Photo By Sue Pearsall
Working Together: Some New Jersey union contractors welcome more DOL prevailing wage inspections.

Will Sandy Work Trigger More DOL Site Visits?

The New York state Dept. of Labor (DOL) says it has no specific plans related to ramping up inspection activities this fall. But that does not convince some industry professionals who contend that contractors will likely encounter more DOL officers showing up at their sites to enforce prevailing wage rules. They say this will especially be the case beginning in late summer or early fall when the public sector prepares to offer more Superstorm Sandy reconstruction work.

Given the high-profile nature of the post-Sandy work and the government source of funding, contractors in the tristate region should be prepared for DOL to have a "heightened vigilance against cheating" and take a zero-tolerance approach in prosecuting violators, says Eric Su, a partner at New York-based law firm Tarter Krinsky & Drogin LLP.

Su says workers at sites can expect to be questioned on whether they are aware that the job is a public project and on whether they know their hourly wage. Wrong answers will be a red flag and trigger an investigation, Su says.

Officers will also check to see that all mandatory wage schedules and public work notices are posted by every contractor on the project, not just the GC, he says. Failure of any party to post the proper notices in plain sight for workers is a violation that snags a lot of firms, he adds.

"Based on our experience, nine out of 10 contractors don't have the proper notices posted, and the GCs don't know that each of their subcontractors must have separate notices posted for their workers," Su says.

The aim is to ensure that government funds are being put to proper use and that firms are not violating prevailing wage laws, the Fair Labor Standards Act and other labor laws, Su says.

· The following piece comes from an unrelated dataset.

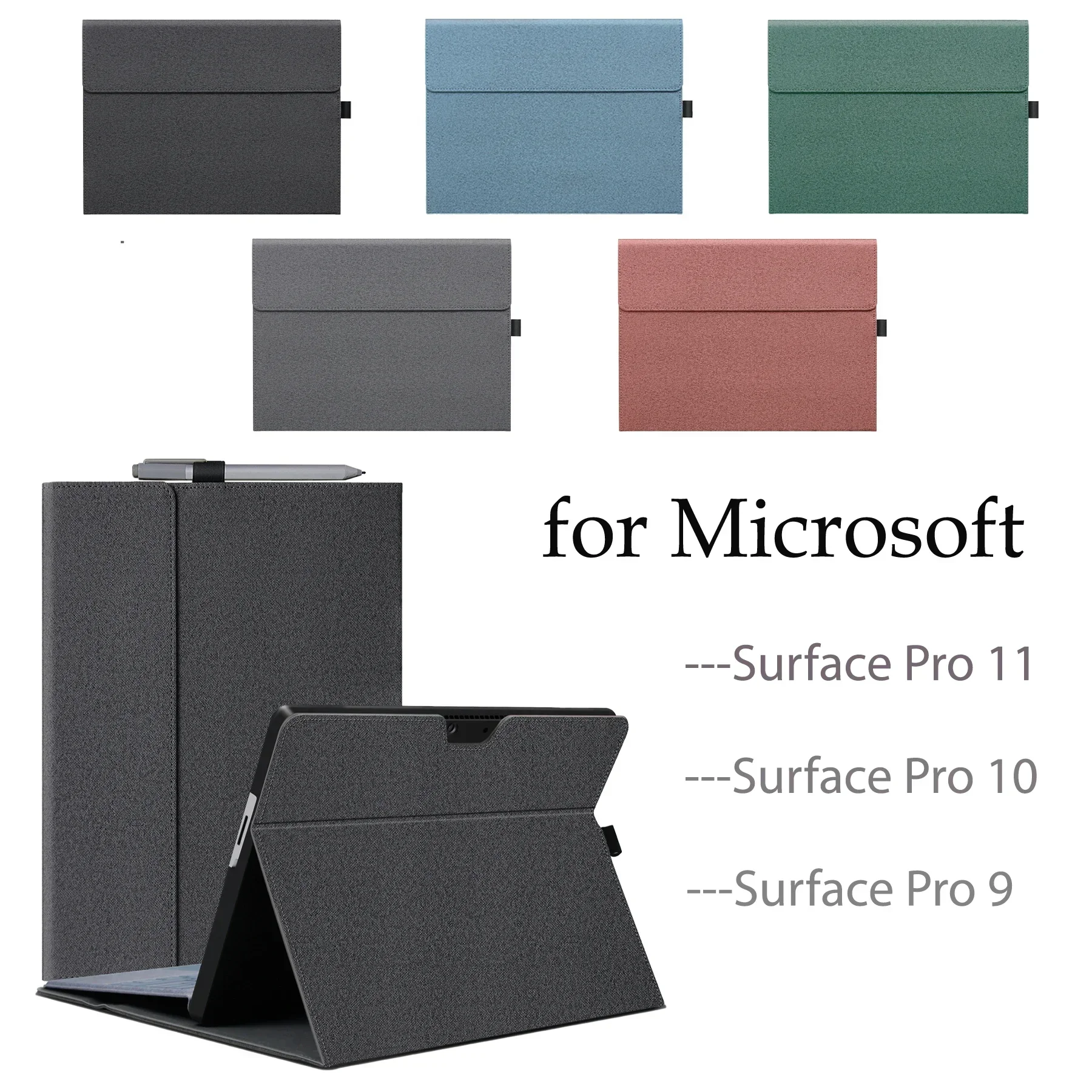 Microsoft Surface Pro 11/10/9 Business Cover - 13inch Portfolio Case with Multiple Angle Stand TPU Shell And Stylus Holder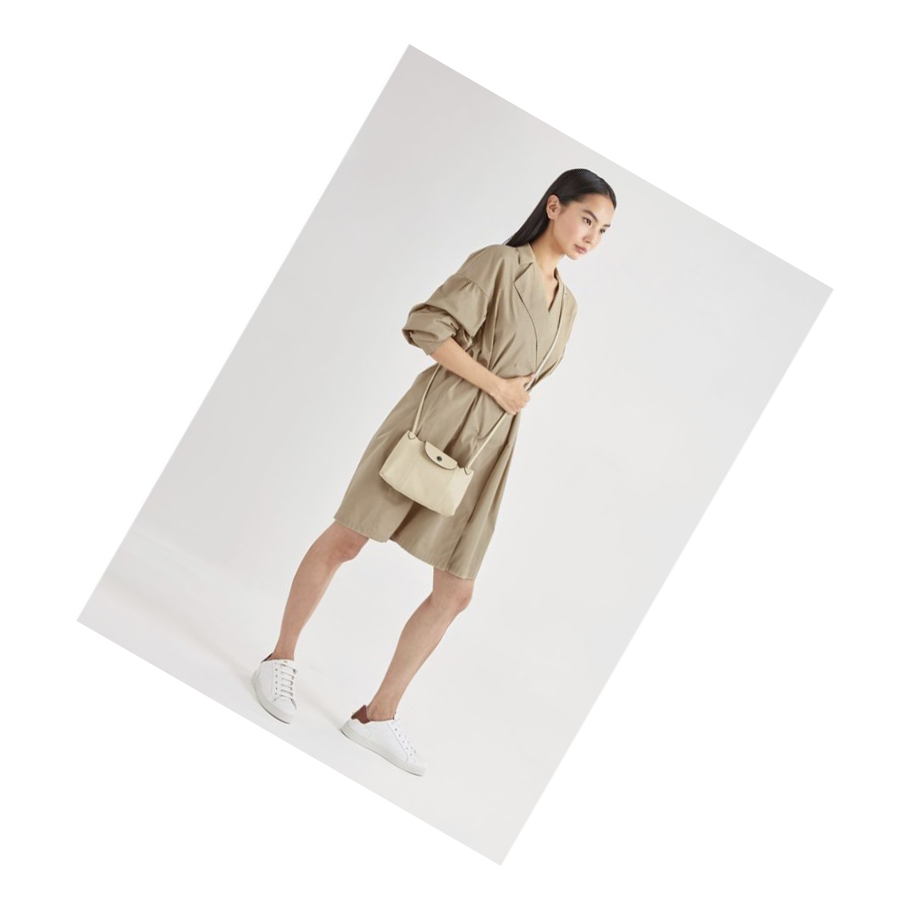 Longchamp Le Pliage Cuir Naisten Crossbody Laukut Beige | Fi-OWUS593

Some union contractor associations say they would welcome increased scrutiny. Jack Kocsis Jr., COO of the New Jersey chapters of both the Building Contractors Association and the Associated General Contractors, says his groups have met with state DOL and Dept. of Community Affairs officials to push for prevailing wage rule enforcement. "It's in our best interest to make sure everybody's playing by the same rules," he says. New Jersey, he adds, has some of the strongest prevailing wage laws nationwide.

"We're more concerned that the local public agencies that this money is flowing to are adhering to the public bidding laws," Kocsis says.

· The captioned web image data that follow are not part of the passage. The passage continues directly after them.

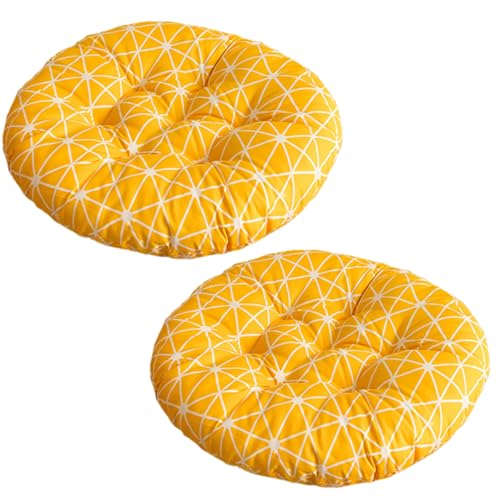 2 almohadillas redondas para asiento de silla, almohada de suelo tatami, cojín grueso acolchado para el hogar, cocina, comedor, patio, sillas, balcón, oficina, meditación al aire libre (amarillo)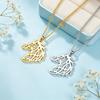 Retro Fashion Hollow Line Horsehead Necklace Stainless Steel Geometric Horsehead Animal Pendant Neck Chain Jewelry Gift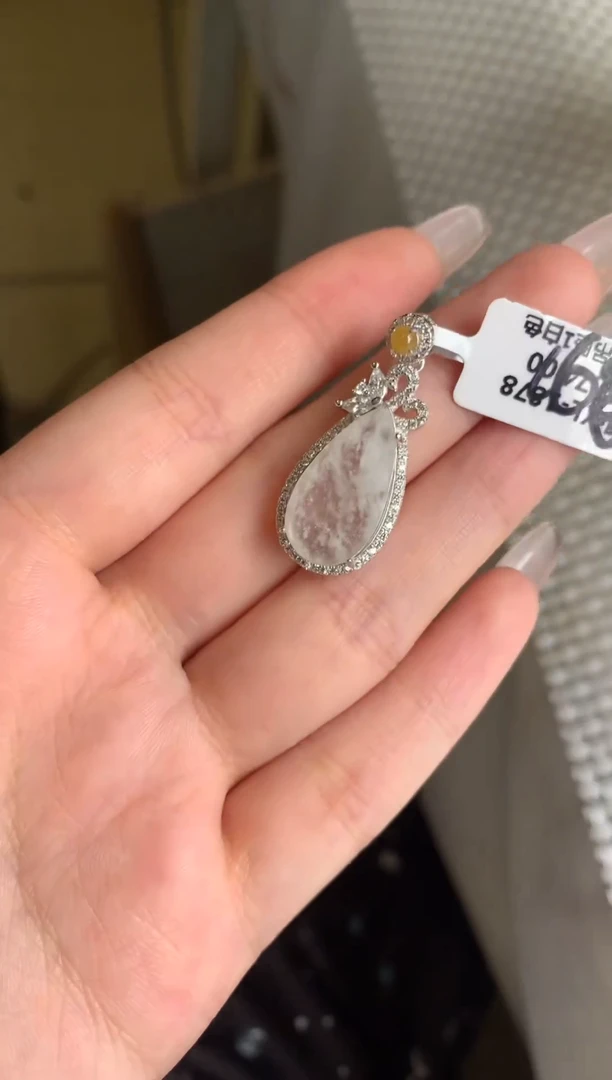 银S925镶嵌戒指翡翠吊坠10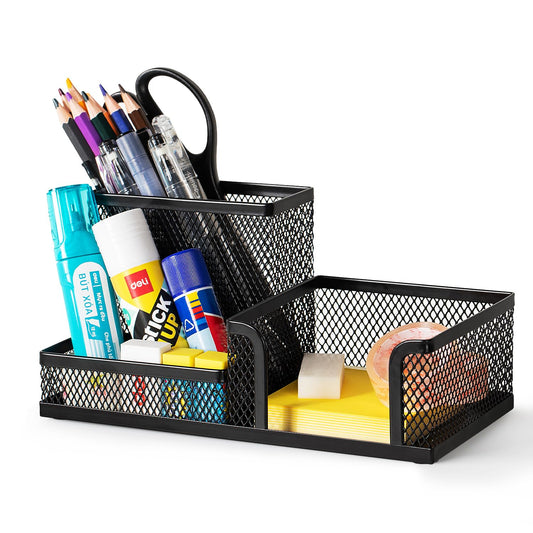 Mesh Desk Organizer, Black (A1-Black | Steel, Metal)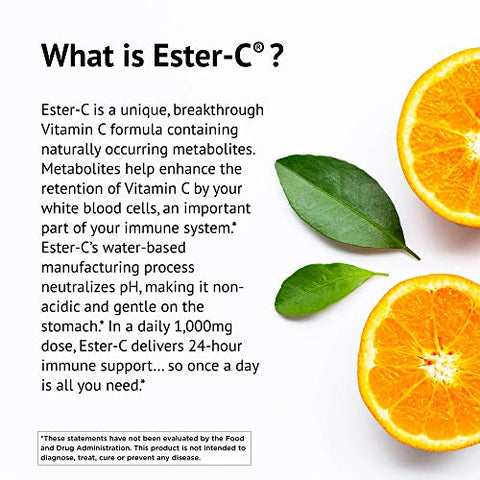EsterC com Bioflavonoides Cápsulas Vegetarianas Suporte Imunológico 24 Horas Suave no Estômago Vitamina C Não Ácida Sem OGM Sem Glúten Vegano 500 mg 120 Porções, Citrus - American Health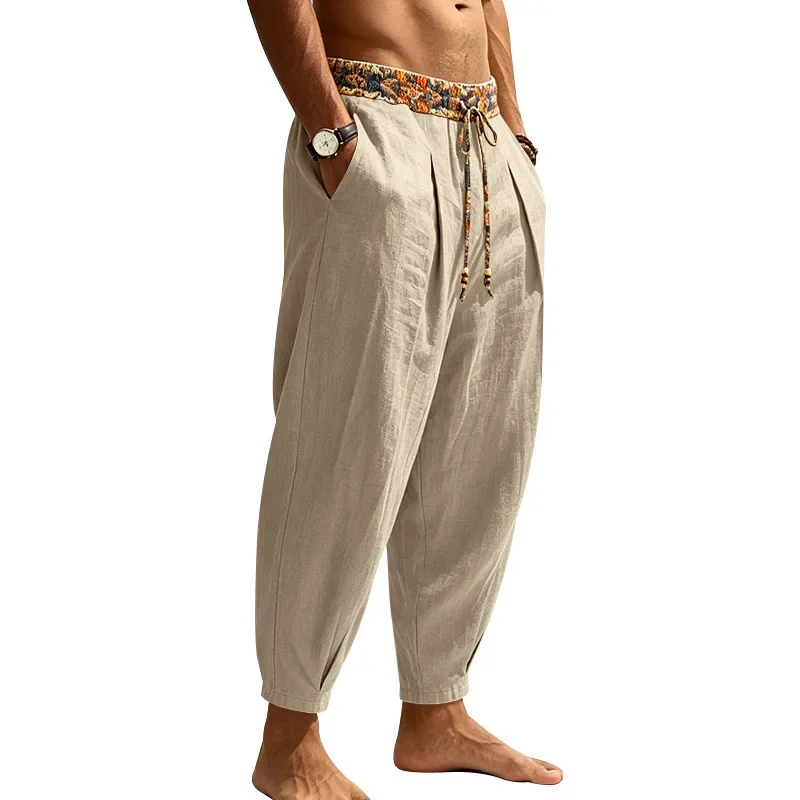 Herren 95% Leinen Haremshose Boho Blumenmuster Kordelzug Taille Lässige Weite Hose Strand Urlaub Knöchellange Hose – Detail 19
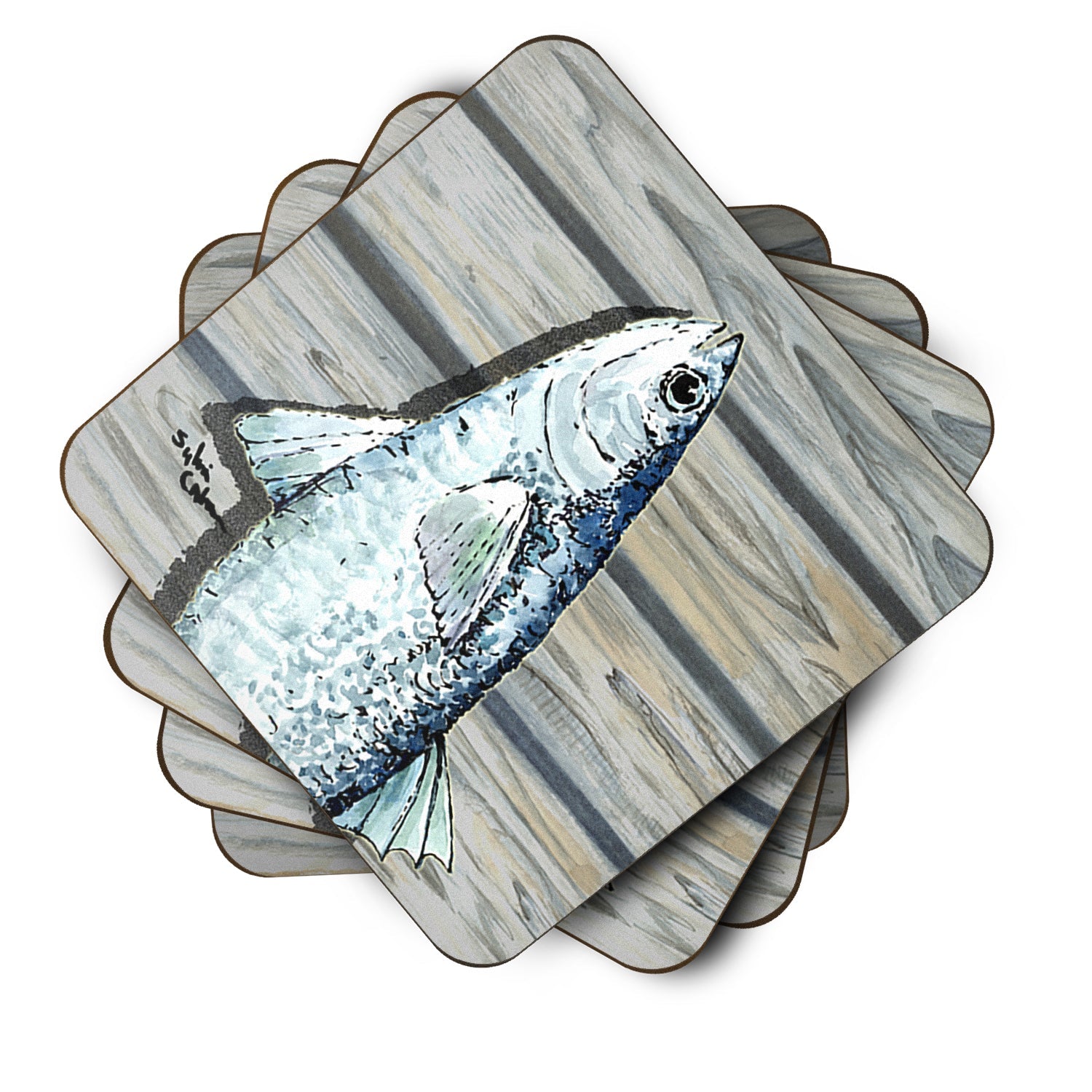 Fish Mullet Foam Coasters Set of 4 Cup Coasters for Indoor Outdoor, Tabletop Protection, Anti Slip, Mouse pad Material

Chris White, a NYS DOL spokesman, said in a statement that the agency recognizes the need to be vigilant in times of natural disasters and that "we allocate staff resources as needed in order to protect against instances of fraud and abuse."


Sandy Volunteer Group Seeks Industry Forum

After Superstorm Sandy, many homeowners were confused over which groups, including industry and volunteers, would do work on their devastated homes and over the nature of the specific work to be conducted (see p. 14). The nonprofit World Cares Center (WCC), New York, is seeking to avoid such a situation should another disaster strike. It is calling for industry and volunteer groups to meet to discuss lessons learned.

"If someone were walking into my home, I would know what they were doing. I would know if they were removing items or if they were ripping out walls or if they had sprayed my home to kill mold," says Lisa Orloff, founder and executive director of WCC, which trained and deployed volunteers to conduct "muck outs" and mold remediation after the storm. "But a lot of homeowners never asked that question, so they don't know where the volunteers left off. They don't know the status of their homes."

WCC is calling for the city, construction contractors and volunteer groups to form a coalition to discuss lessons learned, to help educate the public and to better coordinate disaster response efforts.

One industry supporter of such a forum is Charles Avolio, vice president and operations manager of Turner Construction Co. and a member of the WCC board of directors. Like fellow staffers, Avolio volunteered his time with the group after Sandy and says he sees the benefit of coordinating efforts.

Orloff adds, "We all did what we could, but now it is time for us to sit in one room. My fear is that if we don't learn, we'll make the same mistakes."

New York and New Jersey

Port Authority Green-Lights Rebuilding Funds

The Port Authority of New York and New Jersey (PANYNJ) has approved $59 million for enhanced storm mitigation and recovery measures, part of the agency's $450-million, Sandy-related plan to repair and upgrade its facilities ahead of the hurricane season that begins this month.

Of the $59 million, $21 million will go to PATH during the next six months for pump installations, watertight doors, flood barriers and other equipment. Some $5.5 million is earmarked for enhanced protection of the World Trade Center (WTC) construction site, including water intrusion barriers. Another $32 million will be used for preventative measures at other agency facilities including those at seaports, airports, tunnels and bridges.

Earlier this year the agency approved $210 million for Sandy recovery and cleanup, and $181 million for recovery work at WTC, where floodwaters destroyed much of the underground electrical and mechanical systems.

The storm caused $2 billion in damages to PANYNJ facilities, including those at seaports, tunnels, bridges and airports.